The FBI has successfully unlocked two iPhones belonging to the Pensacola shooter — without the help of Apple. But don’t expect the US government to relent on the encryption debate.
On Monday, US Attorney General William Barr blasted Apple for refusing to help federal investigators unlock the iPhones belonging to Saudi military cadet Mohammed Saeed Alshamrani, even though the FBI’s own technical experts managed to pull off the feat themselves.
“Thanks to the great work of the FBI — and no thanks to Apple — we were able to unlock Alshamrani’s phones,” Barr said in today’s announcement.
Barr’s main gripe is that it took the FBI’s experts four months to gain access to the iPhones, which contained evidence linking Alshamrani to the terrorist group Al Qaeda. If Apple had helped, presumably federal authorities could have achieved access back in January, when the FBI initially requested the company’s aid.
“If not for our FBI’s ingenuity, some luck, and hours upon hours of time and resources, this information would have remained undiscovered,” Barr said. “The bottom line: our national security cannot remain in the hands of big corporations who put dollars over lawful access and public safety.”
William Barr speaking back in January (Credit: YouTube/Justice Department)
The tech industry and privacy advocates disagree. In Apple’s case, the company did assist the FBI in handing over iCloud backups and account information belonging to the Pensacola shooter. But the company has always stopped short of trying to help federal authorities defeat the iPhone’s locking mechanism. According to Apple, doing so risks introducing a backdoor into iOS, which could undermine the encryption and device security for all.
“As a proud American company, we consider supporting law enforcement’s important work our responsibility. The false claims made about our company are an excuse to weaken encryption and other security measures that protect millions of users and our national security,” Apple told PCMag in a statement. “There is no such thing as a backdoor just for the good guys, and the American people do not have to choose between weakening encryption and effective investigations.”
Since iOS 8, Apple has not allowed user passwords to be bypassed; Google has also offered default encryption since Android Lollipop. Though there are automated password-guessing options that could blaze through possible passcode combinations, Apple offers a setting that erases an iPhone after 10 wrong password guesses. Without knowing if that’s activated, the FBI could potentially erase evidence after those 10 attempts.
At the same time, a whole industry has emerged devoted to helping governments and law enforcement agencies hack into encrypted devices. The FBI and local police departments are reportedly among the clients.
How federal investigators eventually got access to the Pensacola shooter’s iPhones was left unsaid. But Barr said the solution wasn’t “scalable,” and took “large sums of taxpayer dollars,” which indicates the FBI may have bought professional hacking tools to defeat the device’s security.

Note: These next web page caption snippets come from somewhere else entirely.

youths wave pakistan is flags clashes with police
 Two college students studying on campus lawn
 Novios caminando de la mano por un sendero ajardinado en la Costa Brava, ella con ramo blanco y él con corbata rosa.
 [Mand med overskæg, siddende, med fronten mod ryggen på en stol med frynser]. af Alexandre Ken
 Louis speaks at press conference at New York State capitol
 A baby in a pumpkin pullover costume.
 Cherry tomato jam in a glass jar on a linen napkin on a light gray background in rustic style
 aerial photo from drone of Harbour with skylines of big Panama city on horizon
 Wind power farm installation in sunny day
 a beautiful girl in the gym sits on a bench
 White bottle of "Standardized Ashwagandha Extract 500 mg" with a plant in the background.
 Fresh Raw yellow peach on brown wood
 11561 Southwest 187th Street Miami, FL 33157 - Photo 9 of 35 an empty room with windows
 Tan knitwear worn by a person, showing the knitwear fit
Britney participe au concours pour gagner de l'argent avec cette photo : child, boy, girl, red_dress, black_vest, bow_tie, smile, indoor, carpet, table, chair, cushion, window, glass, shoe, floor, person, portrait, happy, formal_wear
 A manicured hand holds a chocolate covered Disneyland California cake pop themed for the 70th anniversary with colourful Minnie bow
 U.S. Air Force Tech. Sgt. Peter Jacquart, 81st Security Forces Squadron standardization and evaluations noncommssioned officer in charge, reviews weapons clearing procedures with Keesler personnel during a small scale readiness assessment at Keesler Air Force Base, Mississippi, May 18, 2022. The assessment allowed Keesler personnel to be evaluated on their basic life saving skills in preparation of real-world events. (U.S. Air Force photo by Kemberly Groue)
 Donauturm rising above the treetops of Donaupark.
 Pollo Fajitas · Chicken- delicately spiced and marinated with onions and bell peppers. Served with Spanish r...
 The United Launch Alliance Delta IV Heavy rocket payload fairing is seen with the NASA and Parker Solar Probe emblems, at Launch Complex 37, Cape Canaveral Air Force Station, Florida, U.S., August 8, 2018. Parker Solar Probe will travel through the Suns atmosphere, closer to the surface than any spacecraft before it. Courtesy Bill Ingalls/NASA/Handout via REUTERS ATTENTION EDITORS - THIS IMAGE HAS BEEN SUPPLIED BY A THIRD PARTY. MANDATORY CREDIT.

The US attorney general also isn’t convinced by Apple’s arguments. He pointed to the company’s apparent cooperation with the Chinese government on censoring apps and content while also relocating customer account information and backups to data centers based in China, which Barr claims can enable state surveillance.
“If technology companies like Apple are willing to oblige the demands of authoritarian regimes, they certainly have no excuse for failing to cooperate with rule-of-law nations that respect civil liberties and privacy rights, and have judicial safeguards,” he added.
Barr’s solution is for Congress to pass legislation, which would require Apple and other tech companies to help federal authorities gain access to encrypted devices and information involving criminal investigations. “The truth is that we needed luck, in addition to ingenuity, to get into the phones this time,” he claimed. “There is no guarantee that we will be successful again or that a delay of four months (or longer) will not have significant consequences for the safety of Americans.”
However, privacy advocates say the successful unlocking of the two iPhones shows the US government doesn’t need to undermine Apple’s security on criminal investigations.
ACLU Senior Staff Attorney Brett Max Kaufman said: “Every time there’s a traumatic event requiring investigation into digital devices, the Justice Department loudly claims that it needs backdoors to encryption, and then quietly announces it actually found a way to access information without threatening the security and privacy of the entire world. The boy who cried wolf has nothing on the agency that cried encryption.”